*** DATA SHOWN Section Begins ***

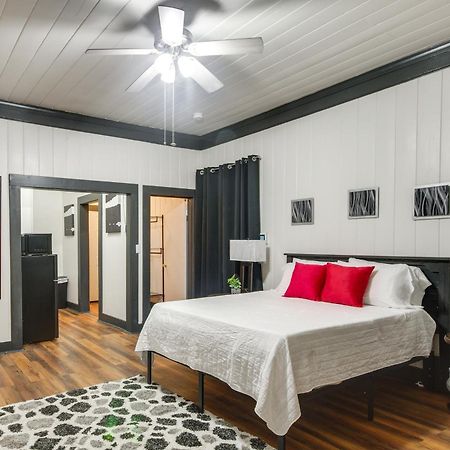 Modern Greenwood Studio Less Than 1 Mi To Downtown! Εξωτερικό φωτογραφία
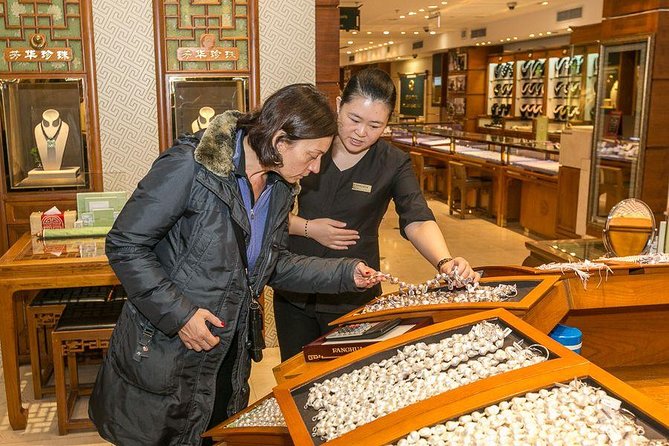 Private Beijing Markets Tour with Tea Tasting at Hongqiao Pearl Market - Tea tasting in the middle of shopping, not as an afterthought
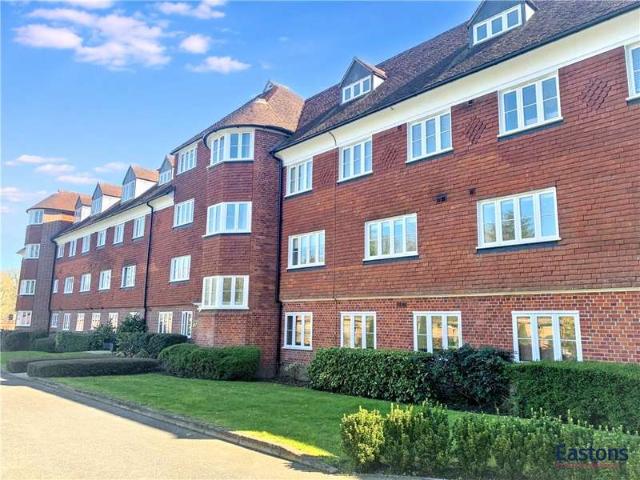 Flat for sale in Red Hill, Surrey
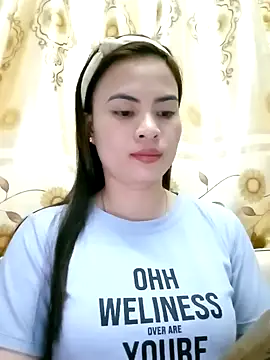 NgocQuyen2K online show from 02/06/25, 02:33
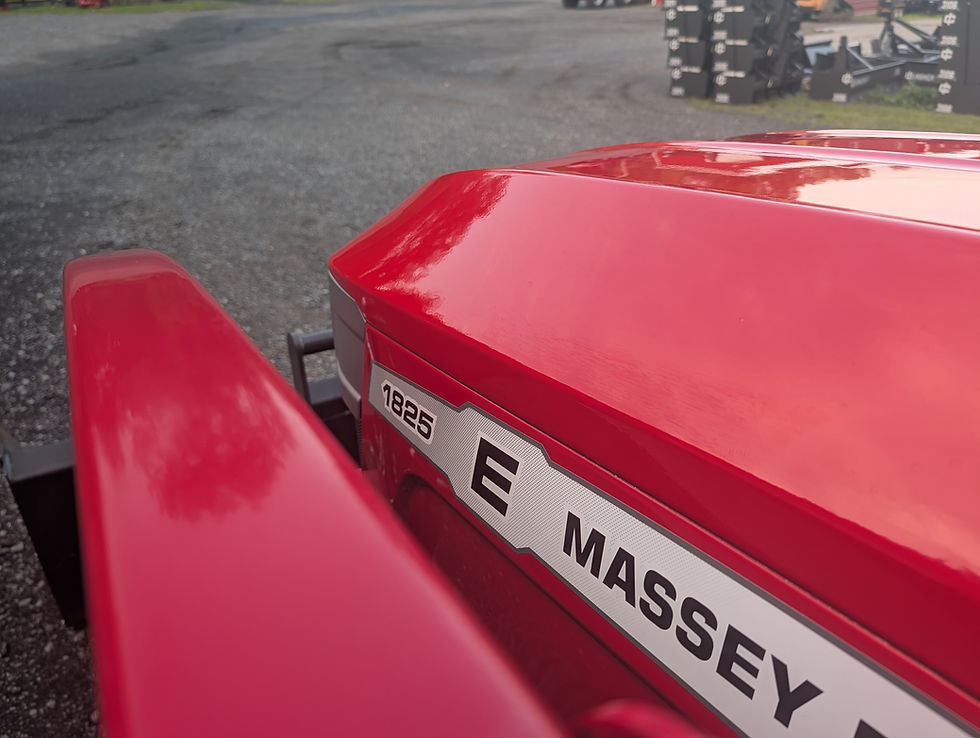 Thumbnail: 2022 MASSEY FERGUSON 1825E WITH LOADER 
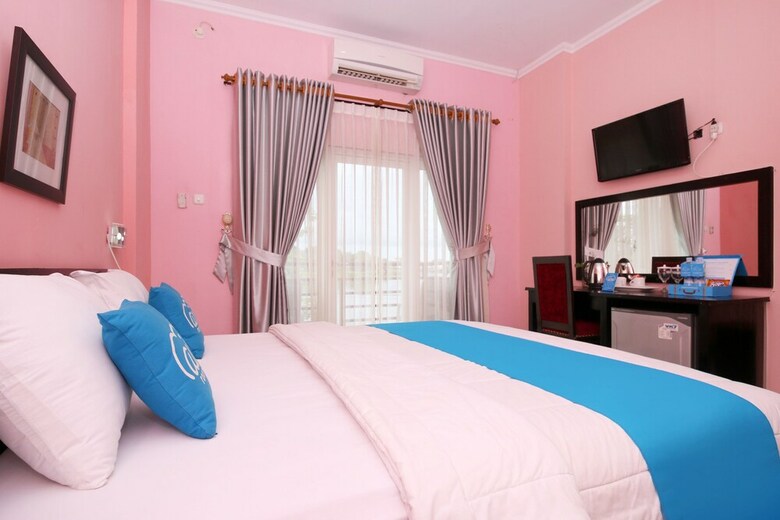 Hotel Airy Manggar Merbabu Belitung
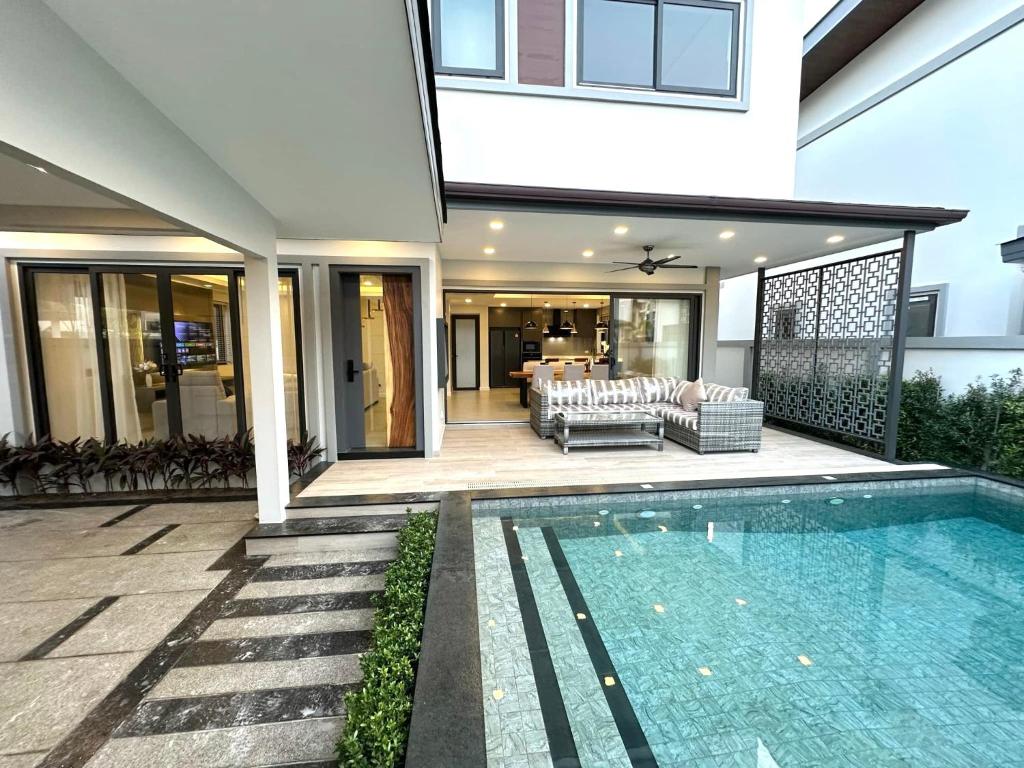 Zensiri Brand New Luxury Pool Villa — photo 1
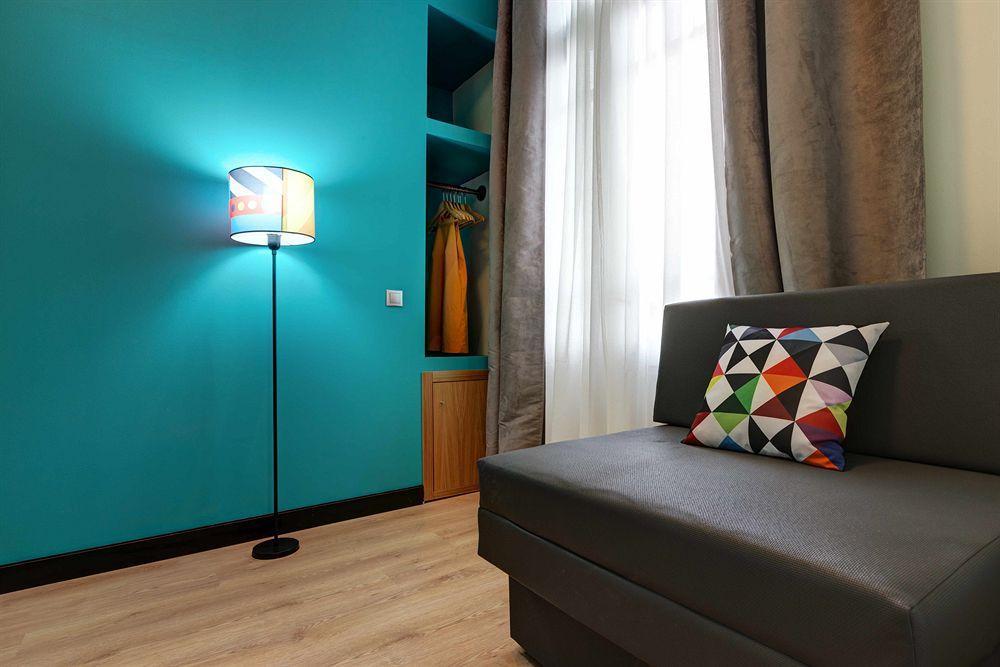 Colors Ladadika Thessaloniki Apartment Exterior photo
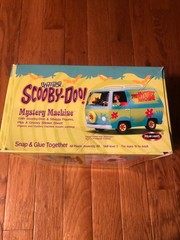 Polar Lights Scooby-Doo Mystery Machine Snap Together Model Kit Vintage Y2k New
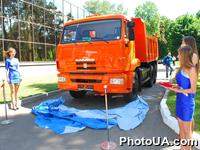Автомобильный холдинг АВТЕК принял участие в работе проводимого в Киеве 26-27 мая "Дня клиента "КАМАЗа" в Украине". Впервые презентованы модернизированные рестайлинговые модели автомобильной техники КАМАЗ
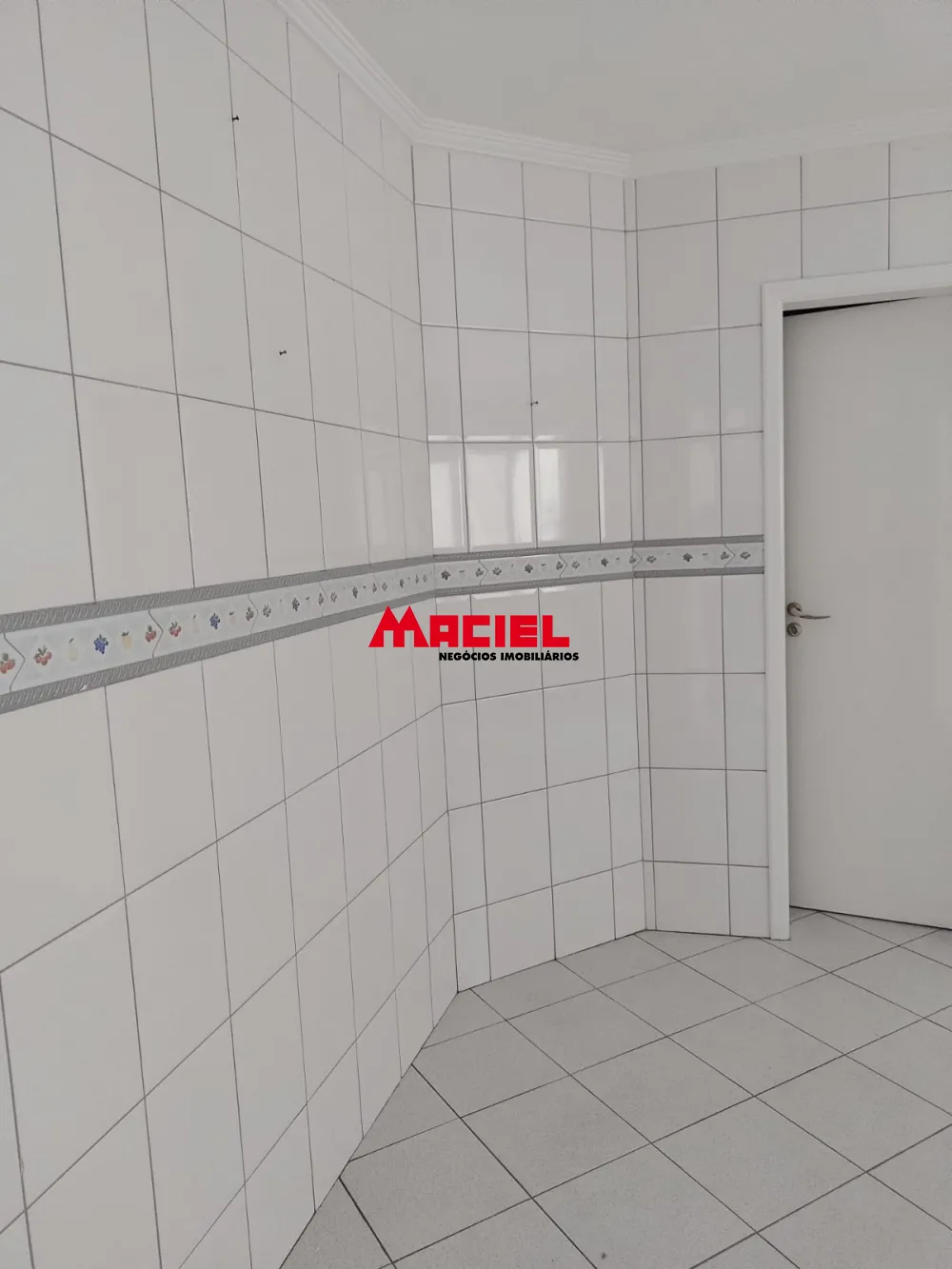 Alugar Casa / Condom&iacute;nio em S&atilde;o Jos&eacute; dos Campos R$ 8.000,00 - Foto 50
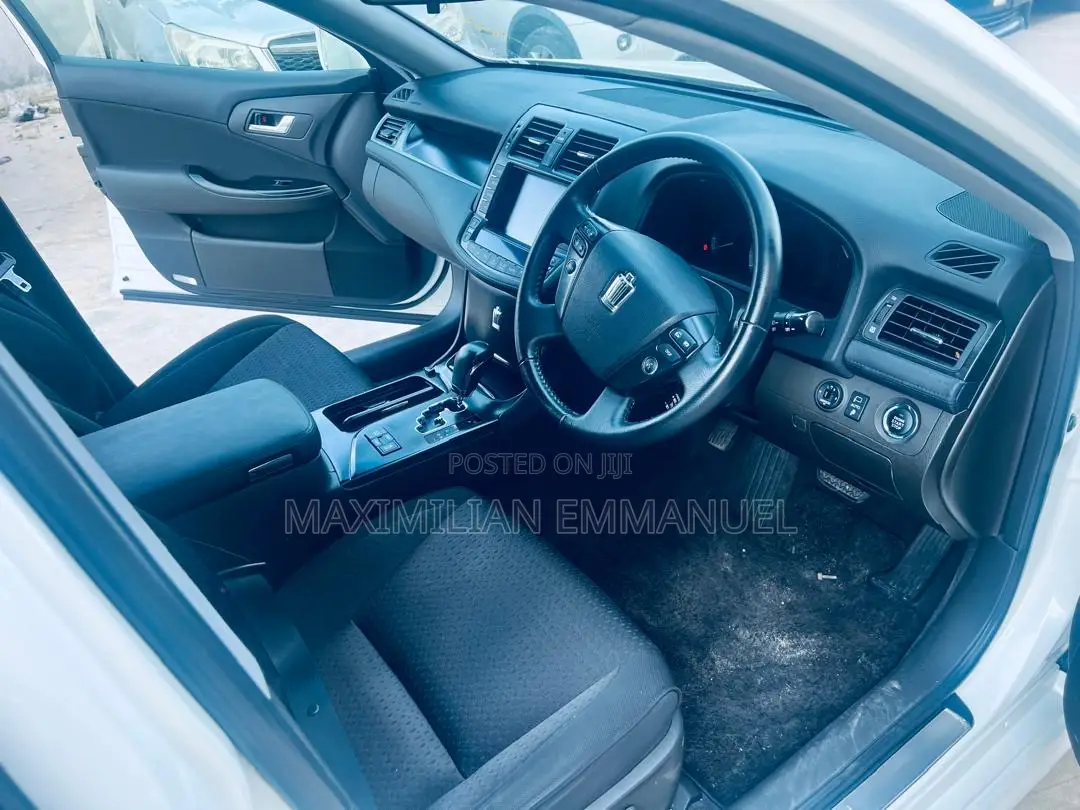 Toyota Crown 2009 White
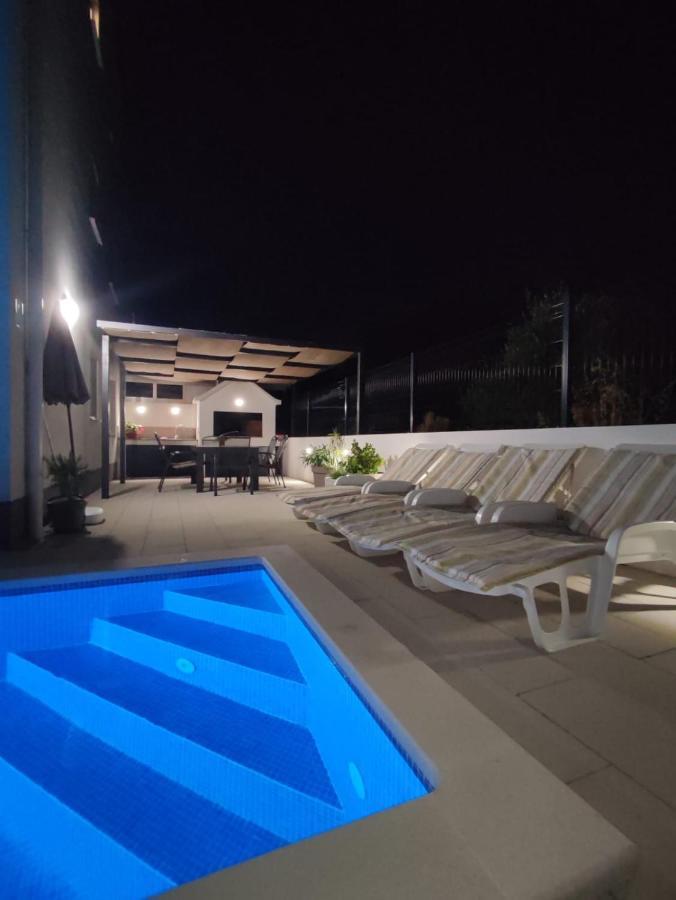 Adria Relax With Private Heated Pool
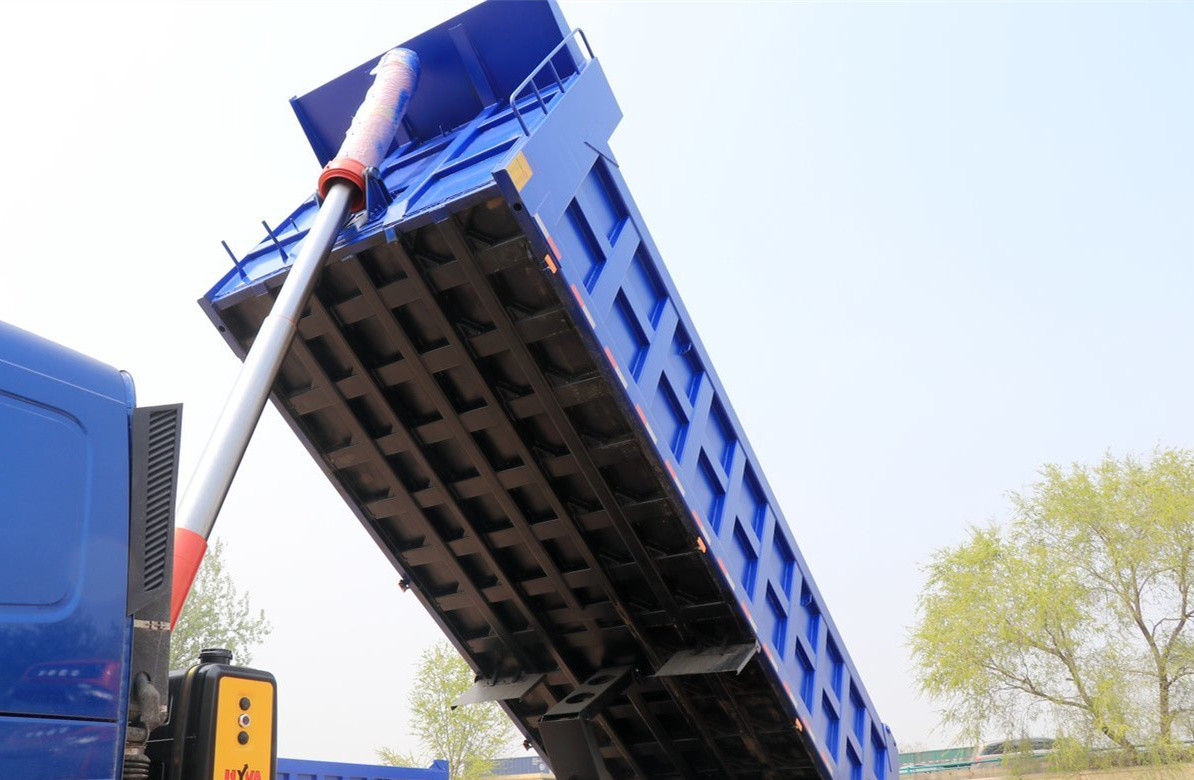 Howo Tipper Truck 12 Tires Howo T7 Dumper Leaf Spring 440hp 30-50 Tons Payload Thickened Box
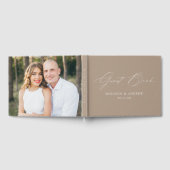Modern Elegant Script Taupe Photo Wedding Gastenboek (Volledig)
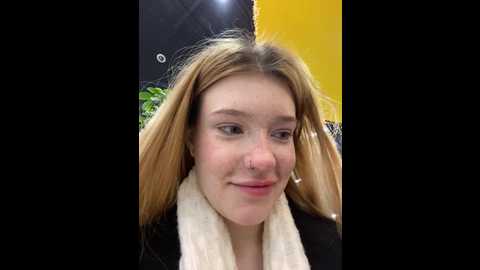 Media: honey___hot Stripchat 2024-11-15 14:39:00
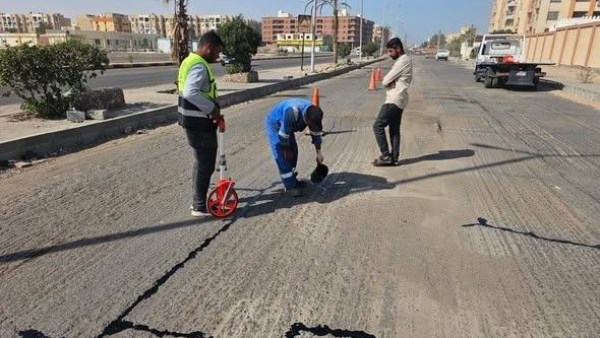 رئيس حي شمال الغردقة يتفقد شارع الحجاز استجابة لشكاوى الأهالي رئيس حي شمال الغردقة يتفقد شارع الحجاز استجابة لشكاوى الأهالي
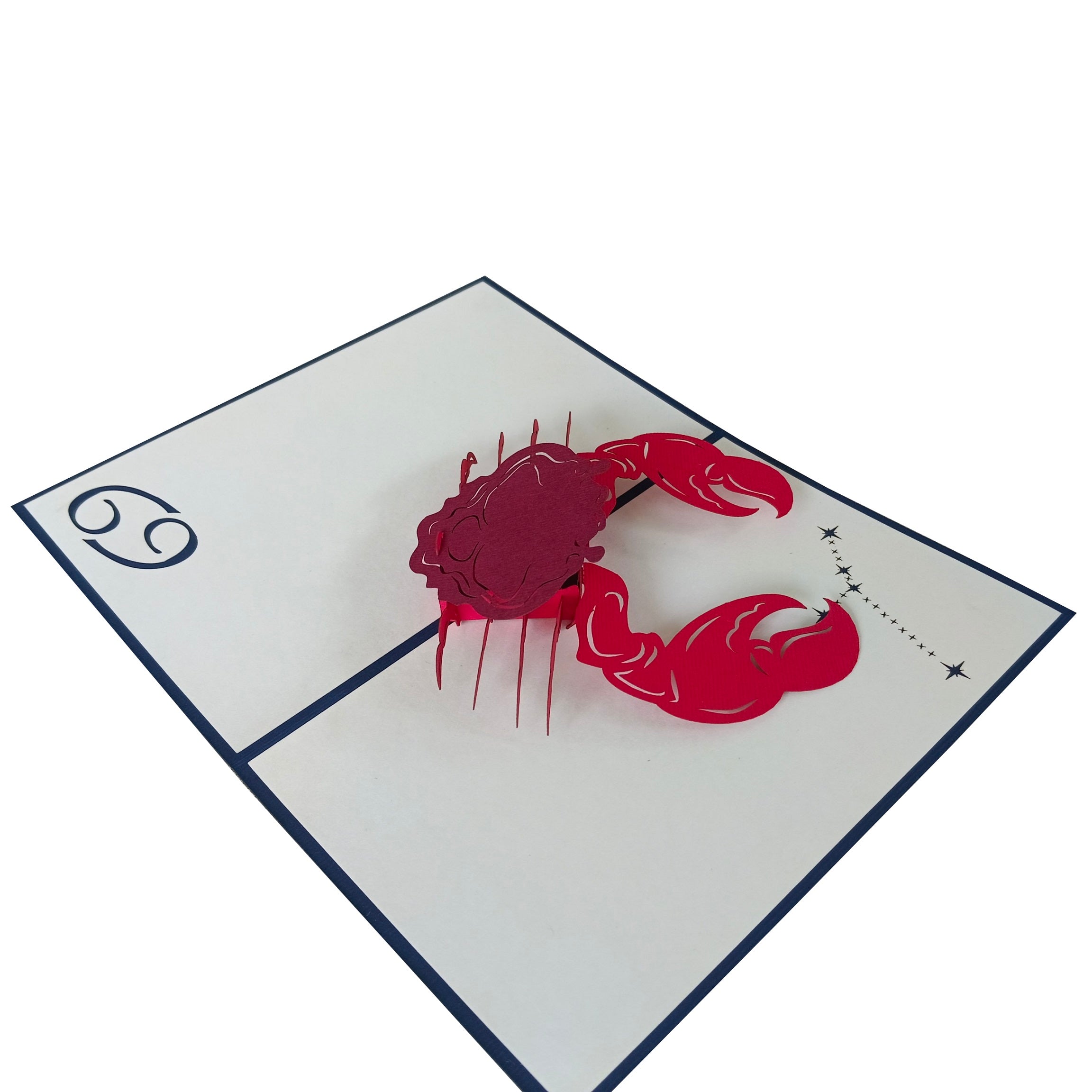 Aufgeklappte Pop-up-Karte mit pinkem Krebs aus Papier, schräg von der Seite fotografiert.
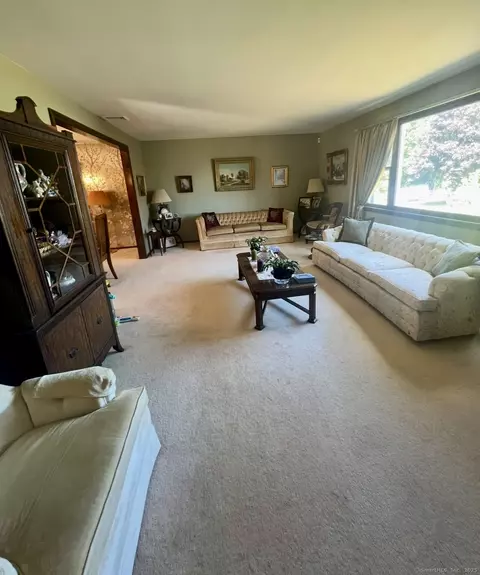 Living - 268 Fox Hill Rd, Wethersfield, CT 06109 photo 1 of 6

*** DATA SHOWN Section Ends ***

Print out the entries above word for word from the first line to the line containing "لشكاوى الأهالي رئيس", both included, omitting the pictures.

> [REPLY TO THE TASK]
 Modern Greenwood Studio Less Than 1 Mi To Downtown! Εξωτερικό φωτογραφία
 Private Beijing Markets Tour with Tea Tasting at Hongqiao Pearl Market - Tea tasting in the middle of shopping, not as an afterthought
 Flat for sale in Red Hill, Surrey
 NgocQuyen2K online show from 02/06/25, 02:33
 Thumbnail: 2022 MASSEY FERGUSON 1825E WITH LOADER 
 Hotel Airy Manggar Merbabu Belitung
 Zensiri Brand New Luxury Pool Villa — photo 1
 Colors Ladadika Thessaloniki Apartment Exterior photo
 Polar Lights Scooby-Doo Mystery Machine Snap Together Model Kit Vintage Y2k New
Автомобильный холдинг АВТЕК принял участие в работе проводимого в Киеве 26-27 мая "Дня клиента "КАМАЗа" в Украине". Впервые презентованы модернизированные рестайлинговые модели автомобильной техники КАМАЗ
 Alugar Casa / Condom&iacute;nio em S&atilde;o Jos&eacute; dos Campos R$ 8.000,00 - Foto 50
 Toyota Crown 2009 White
 Adria Relax With Private Heated Pool
 Howo Tipper Truck 12 Tires Howo T7 Dumper Leaf Spring 440hp 30-50 Tons Payload Thickened Box
Modern Elegant Script Taupe Photo Wedding Gastenboek (Volledig)
 Media: honey___hot Stripchat 2024-11-15 14:39:00
 رئيس حي شمال الغردقة يتفقد شارع الحجاز استجابة لشكاوى الأهالي رئيس حي شمال الغردقة يتفقد شارع الحجاز استجابة لشكاوى الأهالي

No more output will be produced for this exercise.